Petrunya non ha nulla di quello che è richiesto alla donna per poter emergere in un quadro sociale che gli ha assegnato il compito di starsene in disparte. Non è avvenente, e quindi la società dei maschi non può fregiarsene come un trofeo da poter esibire all’occorrenza. Poi è una laica impertinente, e per questo la comunità religiosa può anche pensare di sacrificarla sull'altare del pubblico dileggio. L’impronta realista raccontata dal film si nutre del tratto surreale che avvolge e coinvolge l'esistenza di Petrunya, che per il fatto del tutto naturale di essere una donna si trova costretta a confrontarsi con la continuata mistificazione della verità e il prolungato svuotamento delle parole. In quanto donna, si sente solo un corpo da poter dare in prestito se l’occasione può aprirgli sbocchi lavorativi (come dimostra l’inizio del film). Come persona che ha studiato, si sente tagliata fuori dalla storia del mondo per il fatto di essere rimasta nel luogo natio e di vivere di elemosine affettive (come dimostrano i ripetuti confronti con la madre). Lei riflette la condizione tipica di chi, in ogni istante, sembra trovarsi a dover superare un esame per vedersi riconosciuta la facoltà di poter esistere. Questa tipologia umana e come sottoposta ad una benevolenza che viene concessa senza troppi problemi, a condizione però che rimanga tranquilla entro i limiti stabiliti. 

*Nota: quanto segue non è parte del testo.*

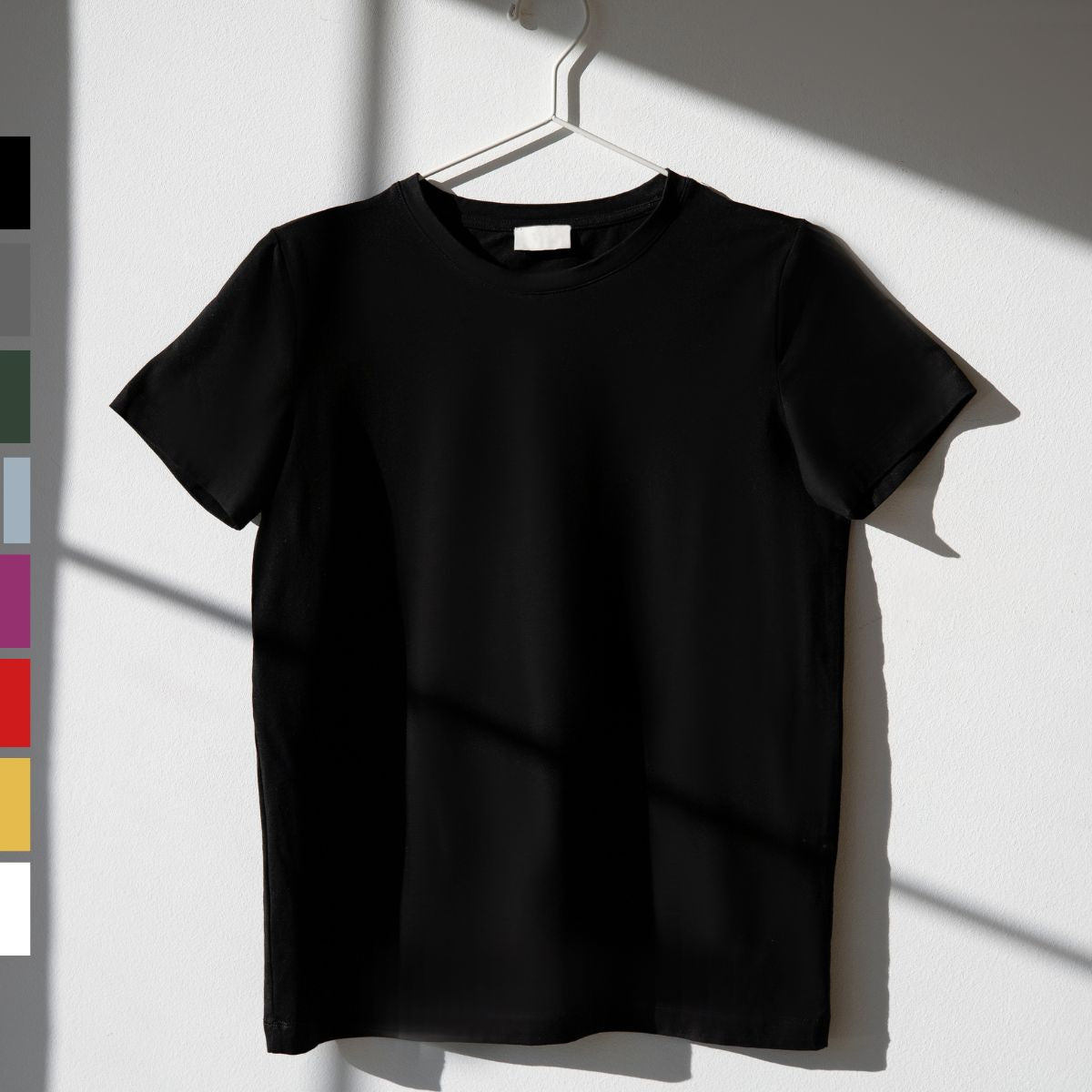 T-Shirt mit individuellem Druck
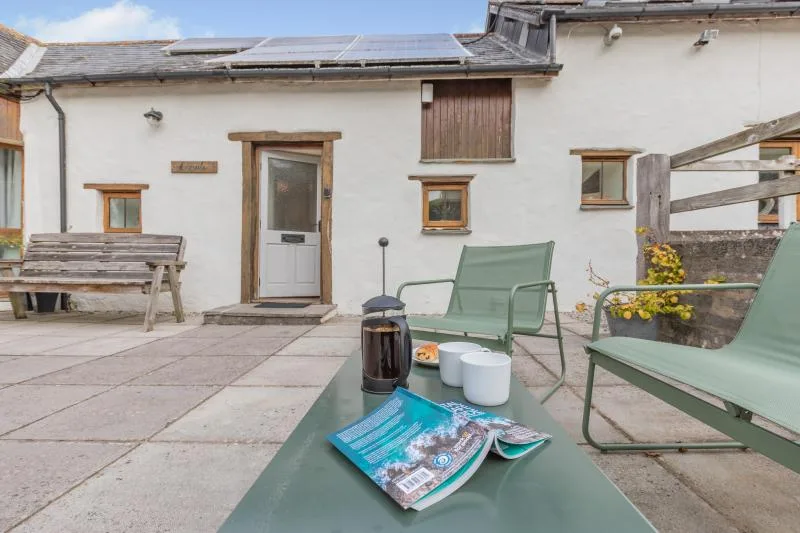 Croyde Cottage at South Lobb Farm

Ma Petrunya è una persona colta, si occupa “di integrazione comunista nelle strutture democratiche, perché l'uomo oggi vuole più giustizia ed eguaglianza”Ed intende partire proprio da sé stessa per far valere il diritto dei più deboli a non fare da cavie designate delle conclamate iniquità sociali. Petrunya non è una credente, ma si attacca a quella croce come ad un segno distintivo della particolare lotta che intende intraprendere. In suo possesso, quella croce diventa il simbolo delle verità da mettere in chiaro, della giustizia da ripristinare, dell'oscurantismo da abbattere. Non è il possesso della croce che gli interessa, ma ciò che rappresenta per l'universo maschile che la circonda, il fatto che alla sacralità di un simbolo universale venga designata la legittima proprietà di una parte soltanto. Così come ad interessargli non è mettere in discussione la bontà di un’antica tradizione, ma mostrarne il carattere retrivo e volgare limitandosi a negargli un’imposta esclusività. Il finale ce la mostra soddisfatta mentre esce dalla stazione di polizia, come chi sente di aver ottenuto il suo scopo più reale semplicemente conservando le sue prerogative di donna, senza arretrare nemmeno di un millimetro e senza dover chiedere il permesso a chiccessia. 

Oltre a Petrunya, un'altra donna e centrale nell'economia del racconto, la giornalista. Tra le due si instaura un rapporto complementare. Perché, se è vero che la donna che arriva dalla capitale può permettersi di usare la televisione per fare luce sulla chiusura di quel mondo, è altrettanto vero che alla fine le scopriamo condividere la stessa posizione di debolezza Petrunya rispetto al paese in cui vive e dal quale ha scelto di non fuggire, la giornalista, invece, rispetto al mondo dei media per cui lavora. Lei è lì, in quel paese sperduto della Macedonia, con le telecamere accese su uno spaccato di mondo che sembra “essersi fermato al medioevo”. E mentre vorrebbe documentare il carattere maschilista di una tradizione arcaica che ancora resiste, la televisione intende rimanere uno strumento per lo spettacolo a buon mercato e fare della storia emblematica di Petrunya un funzionale oggetto di intrattenimento mediatico. Ecco, lo stupore della giornalista di fronte alla storia capitata a Petrunya, marca la differenza culturale tra chi ha intenzione di approfondire per arrivare a formulare delle denuncie sensate sullo stato dell'arte e chi si accontenta di rimanere in superficie perchè questo, in fondo, giova di più ai suoi particolari interessi. 

È un buon film “Dio è donna e si chiama Petrunya”, una bella storia civile messa in scena con garbata e arguta delicatezza.